Getting them to the starting line

Last night, I was humbled as I heard the voice of a six-year old little girl answer the calling in her heart to accept Christ as her savior.  My daughter asked a million questions over the last few months, and you could certainly see that she was dealing with the question of “what do I do with Jesus?”.  In a simple moment, she made a decision to ask Jesus to save her from her sins and live in her heart.  In that moment, my heart melted.  I silently prayed a prayer of thanks to God for giving her to me and for convicting me with my parental responsibility to tell her all about Him.  As someone living in the millennial age, my next duty was to share it on social media.  I don’t post a lot, but I felt like screaming from the mountaintops.  The “likes” and comments flowed in and I beamed as I went to bed.  When I woke up this morning, I went through my social media again, and a comment caught my eye and it spoke to me so profoundly.  It was a simple “my heart is happy for you” and then a follow-up comment.  “Now the hard work continues…to train her…”.  I kept reading that over and over and it reminded me of my importance in her life – in the life of all my kids.  My job isn’t over.  Yes, we were able to lead her to this point where she realized her need for a savior and where she made a decision for eternity, but that’s just the starting line.

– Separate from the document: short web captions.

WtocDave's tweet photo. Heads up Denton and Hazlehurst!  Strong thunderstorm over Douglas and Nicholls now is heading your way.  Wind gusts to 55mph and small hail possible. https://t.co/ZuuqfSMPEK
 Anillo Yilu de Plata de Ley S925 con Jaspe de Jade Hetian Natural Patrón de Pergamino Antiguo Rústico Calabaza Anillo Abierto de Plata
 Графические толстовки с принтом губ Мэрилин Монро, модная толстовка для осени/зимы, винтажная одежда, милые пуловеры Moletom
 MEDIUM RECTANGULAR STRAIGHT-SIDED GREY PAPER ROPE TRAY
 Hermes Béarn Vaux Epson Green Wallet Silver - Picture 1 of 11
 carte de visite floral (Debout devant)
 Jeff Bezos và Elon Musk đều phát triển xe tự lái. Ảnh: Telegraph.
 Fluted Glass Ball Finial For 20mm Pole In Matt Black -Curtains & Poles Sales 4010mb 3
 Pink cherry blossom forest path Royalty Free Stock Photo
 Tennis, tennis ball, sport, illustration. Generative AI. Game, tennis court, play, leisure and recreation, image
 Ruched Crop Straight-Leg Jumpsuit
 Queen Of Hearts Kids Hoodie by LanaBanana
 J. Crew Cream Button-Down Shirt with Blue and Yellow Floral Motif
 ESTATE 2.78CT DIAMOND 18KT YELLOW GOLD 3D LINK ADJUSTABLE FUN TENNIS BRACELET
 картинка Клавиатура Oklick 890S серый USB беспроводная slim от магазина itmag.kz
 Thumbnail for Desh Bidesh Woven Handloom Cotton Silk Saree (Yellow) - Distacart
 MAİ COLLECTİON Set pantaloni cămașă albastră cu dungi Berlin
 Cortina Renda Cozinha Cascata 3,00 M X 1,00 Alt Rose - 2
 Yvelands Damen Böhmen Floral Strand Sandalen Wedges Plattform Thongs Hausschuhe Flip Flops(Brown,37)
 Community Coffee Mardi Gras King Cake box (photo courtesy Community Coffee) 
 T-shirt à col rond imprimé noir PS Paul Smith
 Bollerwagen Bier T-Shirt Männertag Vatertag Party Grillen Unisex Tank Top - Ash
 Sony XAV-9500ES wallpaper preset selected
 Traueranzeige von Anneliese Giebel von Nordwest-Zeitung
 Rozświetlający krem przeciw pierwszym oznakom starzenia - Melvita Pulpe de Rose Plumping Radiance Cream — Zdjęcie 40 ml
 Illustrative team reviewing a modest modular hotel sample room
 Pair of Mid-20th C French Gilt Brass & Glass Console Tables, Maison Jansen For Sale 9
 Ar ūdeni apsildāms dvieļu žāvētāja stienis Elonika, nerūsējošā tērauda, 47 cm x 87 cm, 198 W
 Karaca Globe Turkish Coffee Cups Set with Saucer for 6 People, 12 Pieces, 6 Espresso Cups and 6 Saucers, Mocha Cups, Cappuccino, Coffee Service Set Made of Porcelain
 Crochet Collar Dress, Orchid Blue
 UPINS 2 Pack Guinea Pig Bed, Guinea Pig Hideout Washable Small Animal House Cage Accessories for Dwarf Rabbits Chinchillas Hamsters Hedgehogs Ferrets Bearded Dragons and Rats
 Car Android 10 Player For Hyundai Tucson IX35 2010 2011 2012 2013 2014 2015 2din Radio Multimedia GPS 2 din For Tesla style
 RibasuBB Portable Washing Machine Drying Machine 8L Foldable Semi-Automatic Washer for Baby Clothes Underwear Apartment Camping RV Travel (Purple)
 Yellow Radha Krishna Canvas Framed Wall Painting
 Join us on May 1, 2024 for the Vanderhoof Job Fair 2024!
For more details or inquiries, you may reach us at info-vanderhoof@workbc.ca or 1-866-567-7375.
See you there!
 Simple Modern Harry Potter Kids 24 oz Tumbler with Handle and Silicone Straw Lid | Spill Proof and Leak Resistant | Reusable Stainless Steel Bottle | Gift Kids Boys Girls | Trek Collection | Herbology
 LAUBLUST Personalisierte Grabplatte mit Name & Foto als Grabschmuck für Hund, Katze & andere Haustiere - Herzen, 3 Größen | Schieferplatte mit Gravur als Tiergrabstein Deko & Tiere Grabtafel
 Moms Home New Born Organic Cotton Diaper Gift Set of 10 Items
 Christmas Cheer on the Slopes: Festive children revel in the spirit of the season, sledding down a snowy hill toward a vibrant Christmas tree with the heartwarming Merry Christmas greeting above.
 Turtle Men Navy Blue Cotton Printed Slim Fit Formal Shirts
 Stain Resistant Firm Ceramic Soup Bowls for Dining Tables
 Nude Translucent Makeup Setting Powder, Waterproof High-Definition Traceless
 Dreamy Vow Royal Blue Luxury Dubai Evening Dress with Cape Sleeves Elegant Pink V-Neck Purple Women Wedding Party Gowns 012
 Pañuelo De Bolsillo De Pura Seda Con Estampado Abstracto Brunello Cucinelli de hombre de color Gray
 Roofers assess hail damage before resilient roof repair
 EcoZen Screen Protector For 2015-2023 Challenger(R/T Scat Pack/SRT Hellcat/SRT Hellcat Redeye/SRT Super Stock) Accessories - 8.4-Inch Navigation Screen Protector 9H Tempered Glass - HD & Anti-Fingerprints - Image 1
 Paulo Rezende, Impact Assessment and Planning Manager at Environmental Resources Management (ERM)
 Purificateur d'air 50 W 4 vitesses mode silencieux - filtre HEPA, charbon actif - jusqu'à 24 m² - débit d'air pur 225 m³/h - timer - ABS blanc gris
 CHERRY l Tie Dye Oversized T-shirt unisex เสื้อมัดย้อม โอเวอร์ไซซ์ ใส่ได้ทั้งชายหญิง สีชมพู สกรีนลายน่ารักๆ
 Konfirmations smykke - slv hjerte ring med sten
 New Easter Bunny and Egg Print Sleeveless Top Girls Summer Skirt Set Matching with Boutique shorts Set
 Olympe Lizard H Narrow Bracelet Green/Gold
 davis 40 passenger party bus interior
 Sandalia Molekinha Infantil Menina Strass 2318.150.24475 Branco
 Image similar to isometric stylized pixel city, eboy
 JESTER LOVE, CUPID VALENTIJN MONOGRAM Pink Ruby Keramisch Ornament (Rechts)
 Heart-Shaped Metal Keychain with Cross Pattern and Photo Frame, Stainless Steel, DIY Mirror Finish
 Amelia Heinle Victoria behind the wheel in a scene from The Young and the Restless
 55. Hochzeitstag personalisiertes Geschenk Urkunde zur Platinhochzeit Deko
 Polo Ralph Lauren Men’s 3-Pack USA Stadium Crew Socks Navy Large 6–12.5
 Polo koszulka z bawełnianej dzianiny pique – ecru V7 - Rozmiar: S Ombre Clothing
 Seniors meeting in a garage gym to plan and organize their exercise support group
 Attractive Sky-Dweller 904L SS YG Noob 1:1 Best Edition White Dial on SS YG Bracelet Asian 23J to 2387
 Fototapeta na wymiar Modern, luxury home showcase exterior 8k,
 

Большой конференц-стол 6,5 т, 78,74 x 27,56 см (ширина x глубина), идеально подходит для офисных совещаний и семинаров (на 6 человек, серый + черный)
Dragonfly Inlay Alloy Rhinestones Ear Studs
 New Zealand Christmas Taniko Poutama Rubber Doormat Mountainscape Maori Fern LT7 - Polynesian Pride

The Bible is very clear on the responsibility of parents, and especially fathers.  One of my favorite movies is Courageous.  It has a very clear story of a father coming to grips with tragedy only to learn what his real responsibility is concerning raising his children.  At the end of the movie he gives a speech where he emphatically answers questions, about who will lead his family and help his children grow in their walk with Christ, with a resounding “I will”.  In God’s word, I am charged with discipling my children and helping them grow in their lifelong walk with Christ.  It doesn’t just end with getting her to this point where she has accepted Christ’s free gift of salvation.  It continues to help her see what that means and what that opens up.  It continues as she learns about giving all areas of her life to Christ and committing to serving Him with her whole heart in all that she does.  It continues as she learns to love everyone the way Christ loves her.  It continues as she silently learns how she’ll raise her own children, leading them to the Lord and walking this same path with them.  I am so grateful for that comment to remind me of my importance in my children’s lives.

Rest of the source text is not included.